Añade, además, que se "garantizará el anonimato de las personas que formulan las alertas y, en todo caso, su confidencialidad" sin que quienes gestionen el registro puedan identificarlas. Presidencia quiere eliminar esta garantía y Transparencia, por contra, se niega a retirarla del articulado porque "ya existe normativa europea que avala el anonimato" del denunciante y hacerlo sería dar un paso atrás. En concreto, se trata de la Directiva 2019/1937 de protección del denunciante. 

Cabe recordar que sobre esta cuestión ya hizo especial hincapié también el director de la Agencia Antifraude, Joan Llinares, cuando Les Corts Valencianes iniciaron la tramitación de la ley del Consell de la Inspección General de Servicios (IGS) y su redactado anulaba casi por completo la protección del denunciante anónimo de malas prácticas en la administración. Para Llinares era una cuestión prioritaria la protección del denunciante, dado que sin ella, muchos podrían decidir no dar el paso de denunciar malas praxis.  

Obligación de los funcionarios

Ahora bien, no es el único cambio significativo que pretende hacer Presidencia sobre el texto legal. También pretende que se modifiquen los artículo 3 y 13 para fijar las mismas obligaciones para los funcionarios que para los cargos públicos. Exactamente, el primero de ellos determina que el Registro de lobbies pretende aplicar los principios de transparencia y publicidad "a las relaciones de los cargos públicos no electos y al personal empleado público que mantenga, con conocimiento o instrucciones previas del cargo público del que dependa, reuniones" con estos grupos de interés. 

En este caso, Presidencia suprime la referencia a que los funcionarios se reúnan con lobbies previo "conocimiento o instrucciones del cargo público del que dependa". Es decir, que dota del mismo rango a los altos cargos que a los empleados públicos para que la obligación de informar sobre estas reuniones sean las mismas para unos que para otros. Y, además, también añade que las entidades que deseen actuar como grupos de interés deberán estar inscritas en el citado registro. Sin esa inscripción, no podrán mantener encuentros ni con los altos cargos, ni con los funcionarios que estén bajo su mando. 

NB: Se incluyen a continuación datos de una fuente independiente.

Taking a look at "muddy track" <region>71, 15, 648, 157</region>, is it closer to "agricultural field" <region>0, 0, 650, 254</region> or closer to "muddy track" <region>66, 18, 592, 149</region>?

La equiparación de uno a otro no agrada en Transparencia, puesto que a pesar de que Presidencia lleva insistiendo semanas en que los cambios que quería introducir se limitaban a "pequeños flecos", para la Conselleria de Pérez Garijo las modificaciones propuestas suponen bloquear la norma. No en vano, argumentan que el régimen de los empleados públicos no puede ser el mismo que el de los cargos no electos. 

Foto: ESTRELLA JOVER

Insisten también en que los reparos que expone ahora el Palau, que no presentó alegaciones mientras el texto se encontraba en fase de participación, no tienen cabida porque resultan de especial calado y el texto legal ya pasó el filtro del Consell Jurídic Consultiu. Por lo que aceptarlos supondría volver a iniciar su tramitación. 

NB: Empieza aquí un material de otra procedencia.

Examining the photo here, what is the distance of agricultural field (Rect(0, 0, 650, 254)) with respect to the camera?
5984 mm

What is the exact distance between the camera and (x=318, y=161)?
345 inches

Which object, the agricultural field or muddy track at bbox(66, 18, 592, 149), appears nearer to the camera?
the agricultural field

El último punto de desencuentro entre ambas partes se centra en a quién compete plantear una propuesta de expulsión de un grupo de interés. El texto original plantea que la Conselleria de Participación y Transparencia puede proponer la expulsión de un grupo de interés si este incumple de forma reiterada las obligaciones que marca el decreto, pero Presidencia quiere que esta instancia parta de dos grupos de interés que hayan podido verse afectados por la mala práctica del otro y no sea Garijo la competente en esta cuestión.